Dal suo punto di vista il problema non erano i singoli uomini, ma il sistema a cui erano sottoposti, motivo per cui il separatismo (11), via scelta da molte suffragette, non avrebbe portato le donne a essere più libere. Il focus sull’individualità spesso ha portato la pensatrice russa a considerare ingenuamente donne e uomini come soggetti sottoposti a oppressioni molto simili, in cui l’unica prospettiva di liberazione era la rinuncia alle norme sociali.
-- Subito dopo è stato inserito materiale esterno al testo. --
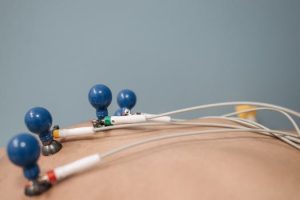 Wearable ECG and Blood Oxygen Monitors: Health on Your Wrist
Se le donne volevano conquistarsi la libertà avrebbero dovuto lottare con le proprie forze, ribellarsi alla moralità puritana e non accontentarsi delle briciole che lo Stato avrebbe concesso loro.

Per Goldman l’anarchismo era prima di tutto una forma di libertà che andava praticata individualmente, nel quotidiano: l’abbandono del tetto coniugale, la diffusione delle pratiche di aborto illegale e contraccezione, il libero amore e la libera maternità erano battaglie fondamentali a cui ogni donna era chiamata a prendere parte.

Il grande merito di Emma Goldman è stato quello di aver arricchito il «meraviglioso ideale» anarchico con la lotta femminista e di aver schierato la libertà in ogni sua forma al fianco delle donne di tutto il mondo. 

Note  

(1) E. Goldman, Femminismo e anarchia, Ghezzano: Biblioteca Franco Serantini, 2022; a cura di Isabel Farah e Laura Gargiulo, p. 71.

(2) Ivi, p. 74.

(3) Ibidem.

(4) «Le donne australiane e neozelandesi possono votare e contribuire a fare le leggi. Le condizioni dei lavoratori sono forse migliori lì di quanto non lo siano in Inghilterra, dove le suffragette stanno portando avanti una lotta così eroica? Esistono lì condizioni di maternità migliori, bambini più felici e liberi rispetto all’Inghilterra? La donna non è più considerata un mero oggetto sessuale? Si è emancipata dalla doppia morale puritana, una per gli uomini e una per le donne? Nessuna, eccetto probabilmente la solita politicante da comizi di piazza, si azzarderà a dare una risposta affermativa a queste domande» (Ivi, p. 76).

(5) Ivi, p. 75.
(6) Ivi, p. 105.

(7) Ivi, p. 14. 

(8) È bene ricordare che le riflessioni politiche dell’autrice hanno come premessa un’idea positiva della natura umana, che viene corrotta/distorta in un secondo momento dal dominio che la società esercita sull’individuo.

(9) Ivi, p. 82.

(10) Ivi, p. 90.

(11) Il separatismo femminista è una pratica politica che prevede la rinuncia ad ogni relazione con gli uomini ed è mossa dalla convinzione che ogni contatto con il genere maschile, a causa della sua matrice sessista e patriarcale, limiti le donne in ogni aspetto della loro vita.

Bibliografia E. Goldman, Femminismo e anarchia, Ghezzano: Biblioteca Franco Serantini, 2022; a cura di Isabel Farah e Laura Gargiulo.